- Assigned task: From the line below that contains "Porsche05-11年保" to the line that contains "The Modena Trousers  Black", repeat every line exactly, both ends included, and nothing else.
----------------------------------------
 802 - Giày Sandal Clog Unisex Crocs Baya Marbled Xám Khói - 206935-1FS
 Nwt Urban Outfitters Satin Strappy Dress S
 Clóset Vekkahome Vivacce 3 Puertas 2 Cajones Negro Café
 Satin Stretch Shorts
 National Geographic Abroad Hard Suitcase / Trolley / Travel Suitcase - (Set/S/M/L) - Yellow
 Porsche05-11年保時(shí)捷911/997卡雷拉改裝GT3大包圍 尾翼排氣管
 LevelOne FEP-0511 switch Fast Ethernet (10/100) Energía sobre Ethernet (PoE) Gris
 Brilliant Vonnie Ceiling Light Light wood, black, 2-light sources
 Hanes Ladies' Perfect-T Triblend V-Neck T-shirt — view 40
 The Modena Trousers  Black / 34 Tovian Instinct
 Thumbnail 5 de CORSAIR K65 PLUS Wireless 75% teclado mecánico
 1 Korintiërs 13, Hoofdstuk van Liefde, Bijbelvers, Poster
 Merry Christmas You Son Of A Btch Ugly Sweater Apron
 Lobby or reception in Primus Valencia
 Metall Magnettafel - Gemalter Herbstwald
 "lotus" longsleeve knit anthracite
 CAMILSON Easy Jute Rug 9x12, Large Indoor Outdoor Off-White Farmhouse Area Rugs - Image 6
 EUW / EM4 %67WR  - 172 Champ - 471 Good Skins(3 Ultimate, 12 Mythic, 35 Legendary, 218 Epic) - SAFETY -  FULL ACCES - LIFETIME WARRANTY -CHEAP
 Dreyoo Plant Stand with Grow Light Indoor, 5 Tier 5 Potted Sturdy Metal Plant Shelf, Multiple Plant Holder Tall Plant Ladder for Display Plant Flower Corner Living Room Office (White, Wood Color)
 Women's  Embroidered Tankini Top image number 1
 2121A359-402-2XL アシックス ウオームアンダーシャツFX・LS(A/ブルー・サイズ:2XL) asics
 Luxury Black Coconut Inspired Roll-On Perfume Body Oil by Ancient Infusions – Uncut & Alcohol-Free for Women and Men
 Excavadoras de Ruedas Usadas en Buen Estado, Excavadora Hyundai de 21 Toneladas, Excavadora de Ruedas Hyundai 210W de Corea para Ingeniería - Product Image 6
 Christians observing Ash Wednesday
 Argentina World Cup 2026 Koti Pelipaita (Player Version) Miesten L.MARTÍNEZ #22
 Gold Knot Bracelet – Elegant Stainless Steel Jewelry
----------------------------------------
- Task answer:
 Porsche05-11年保時(shí)捷911/997卡雷拉改裝GT3大包圍 尾翼排氣管
 LevelOne FEP-0511 switch Fast Ethernet (10/100) Energía sobre Ethernet (PoE) Gris
 Brilliant Vonnie Ceiling Light Light wood, black, 2-light sources
 Hanes Ladies' Perfect-T Triblend V-Neck T-shirt — view 40
 The Modena Trousers  Black / 34 Tovian Instinct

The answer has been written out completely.